In this study, matrix training was used as a framework for intervention with three children between the ages of 22 and 35 months with severe language delays and/or ASD. The training focused on teaching the toddlers simple, one-step directions (e.g., shake) that included animals (e.g., dog). Three individual matrices were created based on each child’s knowledge of the target actions and animals before the training began. The intervention targeted six (or, 30%) of the one step action–object instructions with each child, and included components of discrete trial training (antecedent, responses, and consequences) as well as verbal and physical prompts and reinforcement. After training, the other 70% of the action-object combinations that weren’t directly taught were probed, and each of the three children demonstrated some level of generalization to these unknown targets (and, one of the toddlers demonstrated understanding of all of the untrained action-object combos!). 
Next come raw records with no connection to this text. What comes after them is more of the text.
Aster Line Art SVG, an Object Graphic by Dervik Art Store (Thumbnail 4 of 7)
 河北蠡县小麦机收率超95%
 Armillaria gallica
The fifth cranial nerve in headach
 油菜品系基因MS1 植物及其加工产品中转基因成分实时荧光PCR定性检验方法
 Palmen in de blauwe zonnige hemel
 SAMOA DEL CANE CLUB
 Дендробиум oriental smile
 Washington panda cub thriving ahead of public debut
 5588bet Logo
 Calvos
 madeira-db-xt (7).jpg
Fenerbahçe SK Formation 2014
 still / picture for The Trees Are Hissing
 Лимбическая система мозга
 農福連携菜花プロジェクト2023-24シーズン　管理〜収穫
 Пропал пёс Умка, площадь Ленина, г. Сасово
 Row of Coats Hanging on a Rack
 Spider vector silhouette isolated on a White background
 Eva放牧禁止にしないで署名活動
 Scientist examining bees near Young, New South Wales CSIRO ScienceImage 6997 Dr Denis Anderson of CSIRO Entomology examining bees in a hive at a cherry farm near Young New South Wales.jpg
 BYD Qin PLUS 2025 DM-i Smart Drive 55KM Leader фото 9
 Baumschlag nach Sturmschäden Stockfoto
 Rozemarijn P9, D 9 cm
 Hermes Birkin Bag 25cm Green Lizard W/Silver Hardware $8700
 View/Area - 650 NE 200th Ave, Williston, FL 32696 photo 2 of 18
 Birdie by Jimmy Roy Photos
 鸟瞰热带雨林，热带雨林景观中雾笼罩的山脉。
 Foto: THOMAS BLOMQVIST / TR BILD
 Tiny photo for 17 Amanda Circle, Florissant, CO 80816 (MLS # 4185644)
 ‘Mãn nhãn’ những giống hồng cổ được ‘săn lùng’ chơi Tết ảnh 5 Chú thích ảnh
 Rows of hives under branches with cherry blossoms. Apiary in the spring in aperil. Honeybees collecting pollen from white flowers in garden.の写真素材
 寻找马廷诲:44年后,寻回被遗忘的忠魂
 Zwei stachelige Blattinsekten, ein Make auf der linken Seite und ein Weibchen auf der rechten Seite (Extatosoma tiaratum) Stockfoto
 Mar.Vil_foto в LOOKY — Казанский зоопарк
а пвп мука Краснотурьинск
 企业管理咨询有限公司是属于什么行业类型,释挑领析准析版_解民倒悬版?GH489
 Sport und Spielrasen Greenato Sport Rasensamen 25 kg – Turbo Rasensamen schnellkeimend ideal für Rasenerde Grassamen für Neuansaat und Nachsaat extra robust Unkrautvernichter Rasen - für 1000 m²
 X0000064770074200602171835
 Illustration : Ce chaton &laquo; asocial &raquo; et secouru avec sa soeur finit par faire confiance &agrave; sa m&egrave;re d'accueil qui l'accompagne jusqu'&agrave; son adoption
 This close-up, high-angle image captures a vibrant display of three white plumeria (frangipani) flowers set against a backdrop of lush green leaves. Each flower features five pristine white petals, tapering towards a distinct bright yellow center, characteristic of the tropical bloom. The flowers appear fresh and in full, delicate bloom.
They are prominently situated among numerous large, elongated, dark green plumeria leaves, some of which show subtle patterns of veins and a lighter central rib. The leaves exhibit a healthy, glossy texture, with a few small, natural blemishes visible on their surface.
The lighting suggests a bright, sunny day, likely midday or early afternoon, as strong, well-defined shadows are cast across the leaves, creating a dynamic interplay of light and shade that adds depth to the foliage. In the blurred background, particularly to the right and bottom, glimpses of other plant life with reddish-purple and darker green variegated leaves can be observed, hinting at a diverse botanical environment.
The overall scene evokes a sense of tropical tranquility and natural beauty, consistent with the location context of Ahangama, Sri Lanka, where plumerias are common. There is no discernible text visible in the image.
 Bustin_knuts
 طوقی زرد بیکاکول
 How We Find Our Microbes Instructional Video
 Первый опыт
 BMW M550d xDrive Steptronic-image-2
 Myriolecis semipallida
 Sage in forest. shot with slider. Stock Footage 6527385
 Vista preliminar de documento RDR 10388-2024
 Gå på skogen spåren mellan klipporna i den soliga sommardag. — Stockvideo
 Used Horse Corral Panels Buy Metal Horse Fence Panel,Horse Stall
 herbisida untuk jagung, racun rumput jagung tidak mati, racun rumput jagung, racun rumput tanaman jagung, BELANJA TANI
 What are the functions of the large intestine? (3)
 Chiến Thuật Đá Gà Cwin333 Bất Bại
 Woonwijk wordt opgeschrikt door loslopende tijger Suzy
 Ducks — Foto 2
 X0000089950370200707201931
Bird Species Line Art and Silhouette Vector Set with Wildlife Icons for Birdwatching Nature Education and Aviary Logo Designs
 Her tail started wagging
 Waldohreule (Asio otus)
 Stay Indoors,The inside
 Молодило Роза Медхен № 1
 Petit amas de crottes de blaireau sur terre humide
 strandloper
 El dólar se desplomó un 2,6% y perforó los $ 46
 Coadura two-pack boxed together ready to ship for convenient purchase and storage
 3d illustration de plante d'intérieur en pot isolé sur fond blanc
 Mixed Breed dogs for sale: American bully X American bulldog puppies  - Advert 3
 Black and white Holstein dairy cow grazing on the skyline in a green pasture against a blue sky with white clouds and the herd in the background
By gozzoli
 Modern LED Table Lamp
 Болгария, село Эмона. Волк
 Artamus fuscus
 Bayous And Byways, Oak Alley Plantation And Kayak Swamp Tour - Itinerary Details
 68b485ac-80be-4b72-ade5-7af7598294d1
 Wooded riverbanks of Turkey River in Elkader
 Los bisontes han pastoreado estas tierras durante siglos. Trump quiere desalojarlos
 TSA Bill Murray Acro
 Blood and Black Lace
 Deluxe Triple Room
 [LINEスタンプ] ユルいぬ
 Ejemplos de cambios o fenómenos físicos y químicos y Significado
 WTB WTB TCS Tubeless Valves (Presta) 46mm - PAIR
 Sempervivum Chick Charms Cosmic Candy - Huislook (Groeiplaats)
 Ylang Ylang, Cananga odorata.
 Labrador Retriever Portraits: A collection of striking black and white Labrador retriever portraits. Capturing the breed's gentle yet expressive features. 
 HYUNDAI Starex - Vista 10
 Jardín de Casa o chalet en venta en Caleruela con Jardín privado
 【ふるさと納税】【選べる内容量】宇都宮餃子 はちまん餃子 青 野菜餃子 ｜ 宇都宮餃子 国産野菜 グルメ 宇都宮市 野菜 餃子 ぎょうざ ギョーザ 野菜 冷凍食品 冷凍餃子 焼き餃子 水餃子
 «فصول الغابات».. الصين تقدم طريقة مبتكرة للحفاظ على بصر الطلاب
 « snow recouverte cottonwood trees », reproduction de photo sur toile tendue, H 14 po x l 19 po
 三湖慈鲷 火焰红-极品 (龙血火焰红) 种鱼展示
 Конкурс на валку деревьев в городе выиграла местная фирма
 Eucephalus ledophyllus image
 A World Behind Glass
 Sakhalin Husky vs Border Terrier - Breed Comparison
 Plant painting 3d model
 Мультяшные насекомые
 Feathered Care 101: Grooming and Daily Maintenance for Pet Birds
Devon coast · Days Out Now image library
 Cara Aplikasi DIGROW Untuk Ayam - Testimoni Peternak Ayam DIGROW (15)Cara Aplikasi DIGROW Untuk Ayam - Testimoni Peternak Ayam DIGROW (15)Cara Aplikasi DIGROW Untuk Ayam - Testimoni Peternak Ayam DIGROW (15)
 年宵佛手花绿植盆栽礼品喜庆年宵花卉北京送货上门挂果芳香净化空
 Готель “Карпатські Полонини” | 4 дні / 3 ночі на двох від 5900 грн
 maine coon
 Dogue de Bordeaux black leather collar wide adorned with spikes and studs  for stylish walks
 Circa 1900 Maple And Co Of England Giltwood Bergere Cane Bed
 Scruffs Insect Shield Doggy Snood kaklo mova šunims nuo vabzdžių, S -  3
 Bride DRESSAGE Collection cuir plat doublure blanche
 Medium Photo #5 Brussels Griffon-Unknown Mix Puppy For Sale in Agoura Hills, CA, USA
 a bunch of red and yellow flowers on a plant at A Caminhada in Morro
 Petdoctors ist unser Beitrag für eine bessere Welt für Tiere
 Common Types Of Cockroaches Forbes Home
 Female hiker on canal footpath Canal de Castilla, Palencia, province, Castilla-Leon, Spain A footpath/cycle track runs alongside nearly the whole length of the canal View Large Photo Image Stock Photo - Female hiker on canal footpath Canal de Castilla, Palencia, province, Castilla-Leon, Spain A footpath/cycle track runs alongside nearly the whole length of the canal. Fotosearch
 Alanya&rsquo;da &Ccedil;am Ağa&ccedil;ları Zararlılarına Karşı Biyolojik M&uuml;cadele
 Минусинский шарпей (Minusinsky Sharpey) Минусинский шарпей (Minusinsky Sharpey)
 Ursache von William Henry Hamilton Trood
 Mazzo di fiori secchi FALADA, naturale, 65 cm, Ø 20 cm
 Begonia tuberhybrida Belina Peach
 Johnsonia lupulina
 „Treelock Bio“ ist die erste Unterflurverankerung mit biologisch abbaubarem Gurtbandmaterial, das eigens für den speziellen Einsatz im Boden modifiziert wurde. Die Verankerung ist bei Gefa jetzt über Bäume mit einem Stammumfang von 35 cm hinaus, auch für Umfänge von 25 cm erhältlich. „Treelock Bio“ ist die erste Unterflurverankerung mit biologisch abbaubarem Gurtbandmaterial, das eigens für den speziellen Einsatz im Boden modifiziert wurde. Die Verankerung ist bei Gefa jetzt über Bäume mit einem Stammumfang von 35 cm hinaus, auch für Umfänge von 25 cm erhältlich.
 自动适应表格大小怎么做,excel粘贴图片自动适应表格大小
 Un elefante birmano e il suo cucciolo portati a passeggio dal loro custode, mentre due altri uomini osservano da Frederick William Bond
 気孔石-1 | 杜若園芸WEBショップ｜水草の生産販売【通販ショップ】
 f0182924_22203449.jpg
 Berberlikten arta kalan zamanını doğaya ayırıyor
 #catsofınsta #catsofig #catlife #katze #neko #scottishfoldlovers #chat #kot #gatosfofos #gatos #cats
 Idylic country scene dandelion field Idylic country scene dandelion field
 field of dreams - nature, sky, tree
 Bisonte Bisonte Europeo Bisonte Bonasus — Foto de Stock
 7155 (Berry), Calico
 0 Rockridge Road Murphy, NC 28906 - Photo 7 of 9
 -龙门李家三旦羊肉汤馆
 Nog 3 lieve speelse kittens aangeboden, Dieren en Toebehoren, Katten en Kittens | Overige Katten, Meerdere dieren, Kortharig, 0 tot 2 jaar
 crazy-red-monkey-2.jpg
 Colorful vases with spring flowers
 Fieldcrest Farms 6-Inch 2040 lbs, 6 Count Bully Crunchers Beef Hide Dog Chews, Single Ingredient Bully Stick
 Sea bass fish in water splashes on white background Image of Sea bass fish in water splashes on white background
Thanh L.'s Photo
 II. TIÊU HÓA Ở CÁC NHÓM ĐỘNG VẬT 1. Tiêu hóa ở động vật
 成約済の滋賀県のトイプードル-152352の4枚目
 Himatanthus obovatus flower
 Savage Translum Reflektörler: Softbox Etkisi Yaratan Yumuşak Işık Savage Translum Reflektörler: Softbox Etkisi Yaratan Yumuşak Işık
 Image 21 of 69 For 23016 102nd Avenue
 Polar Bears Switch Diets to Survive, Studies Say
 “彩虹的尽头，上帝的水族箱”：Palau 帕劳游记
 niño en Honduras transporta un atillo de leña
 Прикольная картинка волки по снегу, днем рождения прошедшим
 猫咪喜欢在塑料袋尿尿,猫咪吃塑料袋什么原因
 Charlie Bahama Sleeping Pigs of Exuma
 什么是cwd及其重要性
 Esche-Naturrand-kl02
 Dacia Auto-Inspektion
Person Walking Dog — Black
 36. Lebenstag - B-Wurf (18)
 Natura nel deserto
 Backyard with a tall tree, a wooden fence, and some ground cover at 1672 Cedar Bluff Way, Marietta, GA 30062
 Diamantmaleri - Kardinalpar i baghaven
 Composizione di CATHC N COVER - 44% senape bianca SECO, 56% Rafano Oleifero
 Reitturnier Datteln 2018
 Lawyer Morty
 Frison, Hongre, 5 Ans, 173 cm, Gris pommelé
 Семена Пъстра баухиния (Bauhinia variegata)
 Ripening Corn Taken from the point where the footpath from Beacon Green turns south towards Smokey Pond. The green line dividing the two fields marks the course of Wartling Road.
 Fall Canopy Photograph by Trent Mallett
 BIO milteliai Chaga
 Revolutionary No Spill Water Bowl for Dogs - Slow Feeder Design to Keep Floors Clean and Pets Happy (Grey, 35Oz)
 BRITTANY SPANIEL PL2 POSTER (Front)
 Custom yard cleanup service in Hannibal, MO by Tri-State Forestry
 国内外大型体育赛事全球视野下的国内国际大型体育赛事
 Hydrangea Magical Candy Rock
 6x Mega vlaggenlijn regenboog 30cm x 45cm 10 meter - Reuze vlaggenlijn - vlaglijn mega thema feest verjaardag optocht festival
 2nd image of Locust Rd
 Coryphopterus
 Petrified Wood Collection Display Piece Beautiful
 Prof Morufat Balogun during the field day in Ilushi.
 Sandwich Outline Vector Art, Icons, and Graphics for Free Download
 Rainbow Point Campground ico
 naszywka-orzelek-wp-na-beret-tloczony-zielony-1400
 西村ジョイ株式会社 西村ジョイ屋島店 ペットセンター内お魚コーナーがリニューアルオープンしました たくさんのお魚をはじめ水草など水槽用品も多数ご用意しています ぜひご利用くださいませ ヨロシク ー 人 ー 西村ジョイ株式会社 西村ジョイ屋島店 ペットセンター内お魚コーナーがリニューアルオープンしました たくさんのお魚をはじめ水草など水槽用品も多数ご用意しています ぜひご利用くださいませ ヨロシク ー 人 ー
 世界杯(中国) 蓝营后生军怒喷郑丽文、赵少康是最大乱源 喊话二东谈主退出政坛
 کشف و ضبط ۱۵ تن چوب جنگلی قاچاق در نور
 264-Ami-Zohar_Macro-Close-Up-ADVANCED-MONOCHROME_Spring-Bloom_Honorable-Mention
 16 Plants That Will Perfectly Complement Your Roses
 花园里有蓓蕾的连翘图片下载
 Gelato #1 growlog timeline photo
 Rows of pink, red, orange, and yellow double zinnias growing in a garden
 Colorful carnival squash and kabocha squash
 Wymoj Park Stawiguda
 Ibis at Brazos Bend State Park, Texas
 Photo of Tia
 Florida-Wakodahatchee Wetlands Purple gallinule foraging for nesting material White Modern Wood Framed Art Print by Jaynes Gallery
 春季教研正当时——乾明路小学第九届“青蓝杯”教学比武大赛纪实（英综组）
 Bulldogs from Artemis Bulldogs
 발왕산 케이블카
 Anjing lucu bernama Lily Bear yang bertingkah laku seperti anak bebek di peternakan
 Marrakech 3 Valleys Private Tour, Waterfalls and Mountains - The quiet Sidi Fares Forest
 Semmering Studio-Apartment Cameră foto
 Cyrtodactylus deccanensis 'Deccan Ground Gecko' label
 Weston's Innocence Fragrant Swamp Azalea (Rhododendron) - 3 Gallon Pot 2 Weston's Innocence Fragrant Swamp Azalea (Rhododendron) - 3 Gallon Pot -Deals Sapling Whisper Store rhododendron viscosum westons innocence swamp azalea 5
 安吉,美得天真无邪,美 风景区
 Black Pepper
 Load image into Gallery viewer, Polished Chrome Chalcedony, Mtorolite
Talk about more getting a little more bang for your buck, am I right?!

Although this study only included 3 participants, the findings suggest that matrix training is a simple framework to implement that has the potential to cut down on time spent on teaching language targets in intervention. This is particularly exciting news for our youngest clients who demonstrate the most significant language delays.

Curiel, E.S.L., D. M., Sainato, D. M., & Goldstein, H. (2018). Matrix training for toddlers with Autism Spectrum Disorder and other language delays. Journal of Early Intervention40(3), 268–284.